• **Task requirements**: In the material below, find the line containing "Gold System Chapter 55 Gambar 11" and the line containing "Máy hủy tài liệu ZIBA PC-410CD". Output those two lines and all lines between them exactly, without pictures.

• **Study material**:

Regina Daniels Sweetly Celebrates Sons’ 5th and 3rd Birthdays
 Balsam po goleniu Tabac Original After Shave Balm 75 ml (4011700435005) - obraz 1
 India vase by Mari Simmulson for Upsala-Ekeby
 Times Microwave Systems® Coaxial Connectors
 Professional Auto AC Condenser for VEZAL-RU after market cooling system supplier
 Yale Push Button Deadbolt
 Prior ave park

---

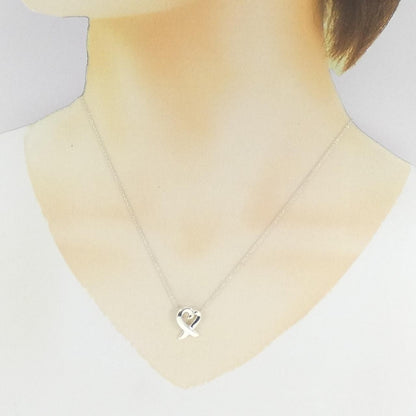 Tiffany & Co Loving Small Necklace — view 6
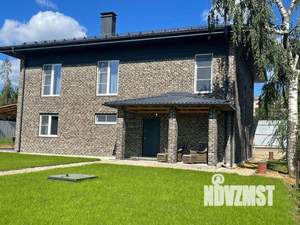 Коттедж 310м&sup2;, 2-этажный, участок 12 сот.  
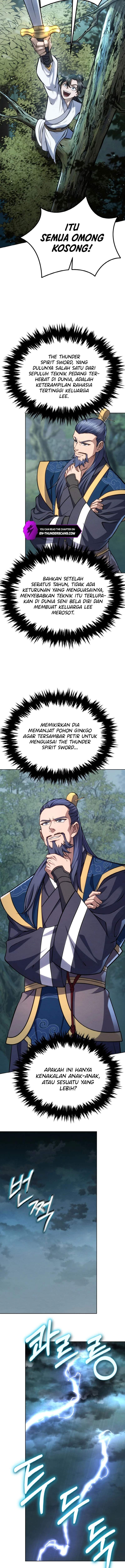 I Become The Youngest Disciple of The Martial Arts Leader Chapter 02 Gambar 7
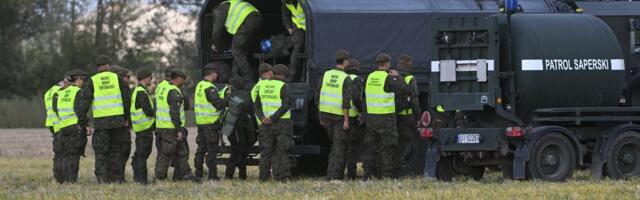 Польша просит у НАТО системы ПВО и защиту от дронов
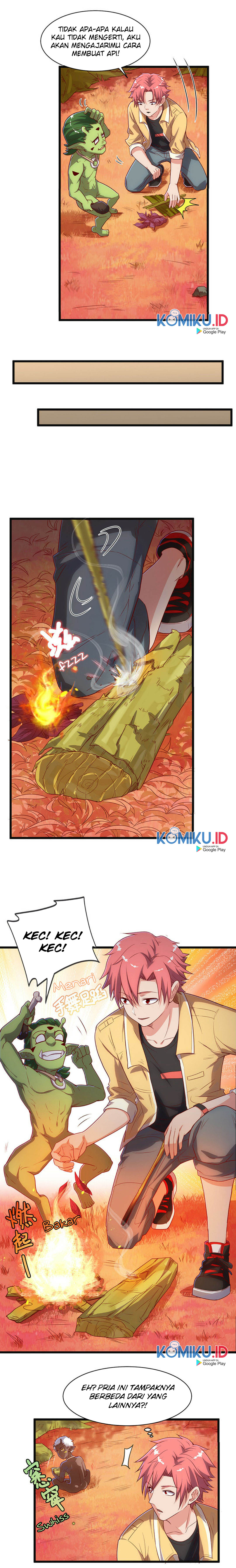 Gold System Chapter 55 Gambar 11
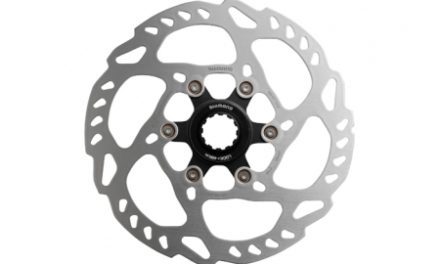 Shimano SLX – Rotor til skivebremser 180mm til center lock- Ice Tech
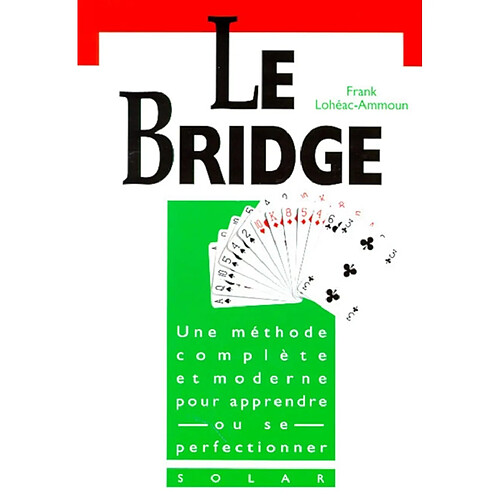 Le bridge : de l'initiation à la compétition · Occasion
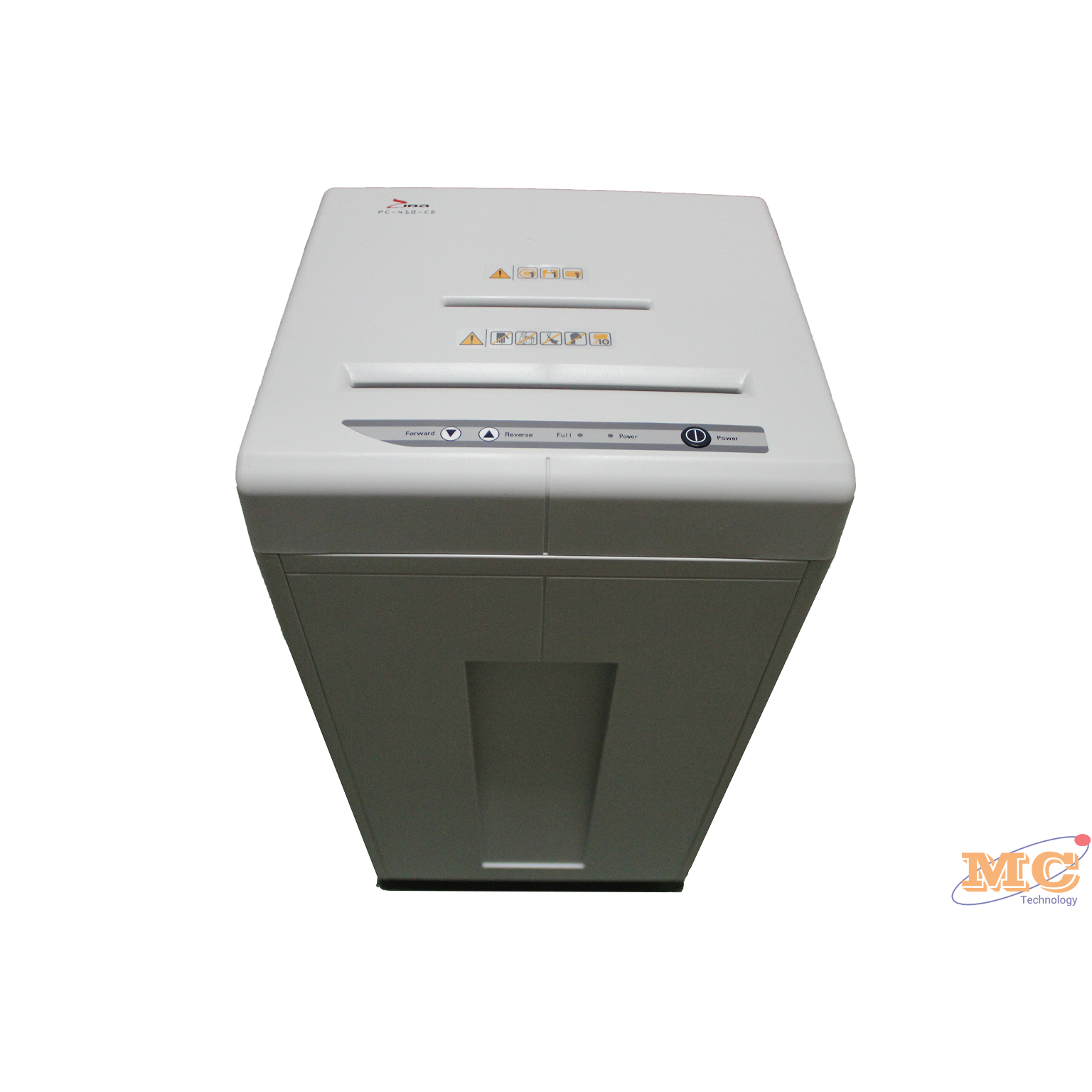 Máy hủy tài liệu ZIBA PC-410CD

• **Output for this task**:
 Gold System Chapter 55 Gambar 11
 Shimano SLX – Rotor til skivebremser 180mm til center lock- Ice Tech
 Le bridge : de l'initiation à la compétition · Occasion
 Máy hủy tài liệu ZIBA PC-410CD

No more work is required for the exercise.